Task prompt -
Only one stretch of the records below should be repeated. It starts with the line containing "Flower line art vector design Flower" and goes on through the line containing "A collared elephant", exactly as written.

Supplied entries -

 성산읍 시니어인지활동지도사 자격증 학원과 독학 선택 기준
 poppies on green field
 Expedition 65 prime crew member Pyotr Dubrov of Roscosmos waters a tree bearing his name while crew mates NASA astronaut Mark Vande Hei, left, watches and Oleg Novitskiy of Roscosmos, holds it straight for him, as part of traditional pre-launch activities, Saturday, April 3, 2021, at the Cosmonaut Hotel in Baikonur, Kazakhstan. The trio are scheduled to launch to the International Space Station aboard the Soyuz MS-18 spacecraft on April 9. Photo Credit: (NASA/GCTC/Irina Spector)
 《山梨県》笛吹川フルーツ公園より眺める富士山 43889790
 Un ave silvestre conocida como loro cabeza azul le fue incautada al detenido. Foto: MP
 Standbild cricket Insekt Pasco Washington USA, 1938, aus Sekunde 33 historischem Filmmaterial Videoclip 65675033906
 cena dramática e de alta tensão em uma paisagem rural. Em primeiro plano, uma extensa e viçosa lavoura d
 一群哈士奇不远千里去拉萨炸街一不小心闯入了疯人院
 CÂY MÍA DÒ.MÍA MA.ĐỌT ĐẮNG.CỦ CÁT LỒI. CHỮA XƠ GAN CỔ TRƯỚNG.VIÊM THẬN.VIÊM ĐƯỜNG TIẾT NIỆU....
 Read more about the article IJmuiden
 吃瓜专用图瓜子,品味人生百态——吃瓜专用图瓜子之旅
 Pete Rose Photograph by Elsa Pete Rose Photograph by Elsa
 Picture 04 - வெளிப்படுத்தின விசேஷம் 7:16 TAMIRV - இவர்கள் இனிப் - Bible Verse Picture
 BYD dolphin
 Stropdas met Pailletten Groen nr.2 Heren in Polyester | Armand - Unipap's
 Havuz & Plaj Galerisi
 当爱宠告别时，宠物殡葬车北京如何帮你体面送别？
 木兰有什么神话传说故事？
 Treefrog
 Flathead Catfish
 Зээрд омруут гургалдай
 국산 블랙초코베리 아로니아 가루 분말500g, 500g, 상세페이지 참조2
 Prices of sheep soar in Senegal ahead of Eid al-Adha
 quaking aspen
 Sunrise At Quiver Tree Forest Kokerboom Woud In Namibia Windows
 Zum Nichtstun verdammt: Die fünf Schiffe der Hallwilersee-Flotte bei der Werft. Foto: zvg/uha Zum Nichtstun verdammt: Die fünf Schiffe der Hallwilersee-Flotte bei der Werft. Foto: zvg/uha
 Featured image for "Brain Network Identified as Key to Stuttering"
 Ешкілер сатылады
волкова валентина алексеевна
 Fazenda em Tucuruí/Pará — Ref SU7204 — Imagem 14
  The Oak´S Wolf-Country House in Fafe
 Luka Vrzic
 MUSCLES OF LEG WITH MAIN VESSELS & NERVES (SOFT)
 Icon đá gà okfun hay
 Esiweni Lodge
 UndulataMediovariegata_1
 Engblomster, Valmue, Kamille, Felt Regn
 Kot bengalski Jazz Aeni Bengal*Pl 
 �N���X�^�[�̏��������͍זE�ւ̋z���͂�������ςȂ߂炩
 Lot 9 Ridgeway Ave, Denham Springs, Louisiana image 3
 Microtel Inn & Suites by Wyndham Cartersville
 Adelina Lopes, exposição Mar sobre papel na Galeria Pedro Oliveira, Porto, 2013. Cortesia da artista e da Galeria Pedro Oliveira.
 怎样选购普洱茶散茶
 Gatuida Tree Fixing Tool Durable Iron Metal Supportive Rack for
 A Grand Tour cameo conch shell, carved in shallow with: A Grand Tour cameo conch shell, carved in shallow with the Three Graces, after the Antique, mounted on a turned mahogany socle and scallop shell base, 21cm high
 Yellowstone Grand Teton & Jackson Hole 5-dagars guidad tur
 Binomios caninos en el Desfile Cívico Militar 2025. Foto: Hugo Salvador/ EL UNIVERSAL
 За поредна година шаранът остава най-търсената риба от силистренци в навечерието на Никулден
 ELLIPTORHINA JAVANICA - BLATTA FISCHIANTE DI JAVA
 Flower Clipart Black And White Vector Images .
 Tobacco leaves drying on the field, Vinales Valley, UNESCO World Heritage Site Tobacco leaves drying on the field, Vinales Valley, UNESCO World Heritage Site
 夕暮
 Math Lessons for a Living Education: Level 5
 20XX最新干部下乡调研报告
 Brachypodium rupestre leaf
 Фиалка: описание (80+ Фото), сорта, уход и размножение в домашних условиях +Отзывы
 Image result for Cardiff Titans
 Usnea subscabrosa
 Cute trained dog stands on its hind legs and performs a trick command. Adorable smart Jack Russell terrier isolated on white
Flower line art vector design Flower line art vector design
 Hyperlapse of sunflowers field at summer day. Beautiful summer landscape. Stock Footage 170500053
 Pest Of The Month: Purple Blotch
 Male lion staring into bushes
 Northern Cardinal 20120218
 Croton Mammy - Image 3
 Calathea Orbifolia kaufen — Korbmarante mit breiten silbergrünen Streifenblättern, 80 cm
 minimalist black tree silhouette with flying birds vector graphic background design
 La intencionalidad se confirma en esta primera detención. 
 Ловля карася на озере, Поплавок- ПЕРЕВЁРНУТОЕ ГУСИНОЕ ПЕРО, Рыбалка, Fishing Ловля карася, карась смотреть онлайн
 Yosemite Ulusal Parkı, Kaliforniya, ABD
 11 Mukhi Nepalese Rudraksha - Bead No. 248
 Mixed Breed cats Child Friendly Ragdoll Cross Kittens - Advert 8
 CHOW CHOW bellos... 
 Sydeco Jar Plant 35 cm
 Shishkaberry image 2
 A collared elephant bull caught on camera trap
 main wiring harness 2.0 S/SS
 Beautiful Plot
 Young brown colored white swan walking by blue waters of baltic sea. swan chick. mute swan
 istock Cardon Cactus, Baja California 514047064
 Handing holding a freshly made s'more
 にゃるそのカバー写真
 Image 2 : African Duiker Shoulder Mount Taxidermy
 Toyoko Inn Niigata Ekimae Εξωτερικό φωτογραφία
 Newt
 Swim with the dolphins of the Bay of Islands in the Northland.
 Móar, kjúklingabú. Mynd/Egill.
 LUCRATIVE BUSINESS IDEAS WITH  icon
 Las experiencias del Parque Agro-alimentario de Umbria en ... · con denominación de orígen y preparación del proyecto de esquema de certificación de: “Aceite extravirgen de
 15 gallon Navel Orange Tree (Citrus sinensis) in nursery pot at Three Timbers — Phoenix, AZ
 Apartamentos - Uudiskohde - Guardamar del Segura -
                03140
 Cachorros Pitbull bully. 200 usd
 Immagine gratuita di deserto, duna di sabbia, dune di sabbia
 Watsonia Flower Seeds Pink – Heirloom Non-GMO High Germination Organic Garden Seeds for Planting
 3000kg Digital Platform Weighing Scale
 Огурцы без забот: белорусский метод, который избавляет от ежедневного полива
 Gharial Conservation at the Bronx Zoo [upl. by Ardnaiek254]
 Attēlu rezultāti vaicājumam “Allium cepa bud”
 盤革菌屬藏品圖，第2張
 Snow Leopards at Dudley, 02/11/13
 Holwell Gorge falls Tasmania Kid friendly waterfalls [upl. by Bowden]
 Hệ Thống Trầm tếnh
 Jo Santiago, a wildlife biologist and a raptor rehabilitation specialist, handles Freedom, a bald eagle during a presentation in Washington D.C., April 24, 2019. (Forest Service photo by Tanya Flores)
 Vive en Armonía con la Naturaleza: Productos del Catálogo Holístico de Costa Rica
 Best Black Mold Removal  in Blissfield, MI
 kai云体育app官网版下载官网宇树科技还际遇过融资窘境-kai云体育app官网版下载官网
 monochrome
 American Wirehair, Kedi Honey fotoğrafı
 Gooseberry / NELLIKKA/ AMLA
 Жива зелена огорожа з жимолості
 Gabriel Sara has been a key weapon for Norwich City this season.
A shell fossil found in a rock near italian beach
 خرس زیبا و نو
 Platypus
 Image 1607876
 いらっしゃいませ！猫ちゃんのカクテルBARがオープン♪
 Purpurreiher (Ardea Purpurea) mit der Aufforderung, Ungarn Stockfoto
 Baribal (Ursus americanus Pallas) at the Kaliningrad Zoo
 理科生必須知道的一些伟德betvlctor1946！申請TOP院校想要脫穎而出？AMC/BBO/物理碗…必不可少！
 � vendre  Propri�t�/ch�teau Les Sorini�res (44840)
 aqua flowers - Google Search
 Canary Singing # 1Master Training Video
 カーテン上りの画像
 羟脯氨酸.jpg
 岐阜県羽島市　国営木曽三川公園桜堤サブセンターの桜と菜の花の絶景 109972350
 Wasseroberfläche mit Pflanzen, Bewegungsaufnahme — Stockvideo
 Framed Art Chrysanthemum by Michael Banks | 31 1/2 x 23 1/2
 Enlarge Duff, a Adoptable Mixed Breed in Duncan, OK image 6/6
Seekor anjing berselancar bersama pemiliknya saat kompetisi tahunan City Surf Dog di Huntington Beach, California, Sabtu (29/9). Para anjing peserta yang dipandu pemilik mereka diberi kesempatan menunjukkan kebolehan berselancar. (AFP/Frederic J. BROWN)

Result for this exercise -
Flower line art vector design Flower line art vector design
 Hyperlapse of sunflowers field at summer day. Beautiful summer landscape. Stock Footage 170500053
 Pest Of The Month: Purple Blotch
 Male lion staring into bushes
 Northern Cardinal 20120218
 Croton Mammy - Image 3
 Calathea Orbifolia kaufen — Korbmarante mit breiten silbergrünen Streifenblättern, 80 cm
 minimalist black tree silhouette with flying birds vector graphic background design
 La intencionalidad se confirma en esta primera detención. 
 Ловля карася на озере, Поплавок- ПЕРЕВЁРНУТОЕ ГУСИНОЕ ПЕРО, Рыбалка, Fishing Ловля карася, карась смотреть онлайн
 Yosemite Ulusal Parkı, Kaliforniya, ABD
 11 Mukhi Nepalese Rudraksha - Bead No. 248
 Mixed Breed cats Child Friendly Ragdoll Cross Kittens - Advert 8
 CHOW CHOW bellos... 
 Sydeco Jar Plant 35 cm
 Shishkaberry image 2
 A collared elephant bull caught on camera trap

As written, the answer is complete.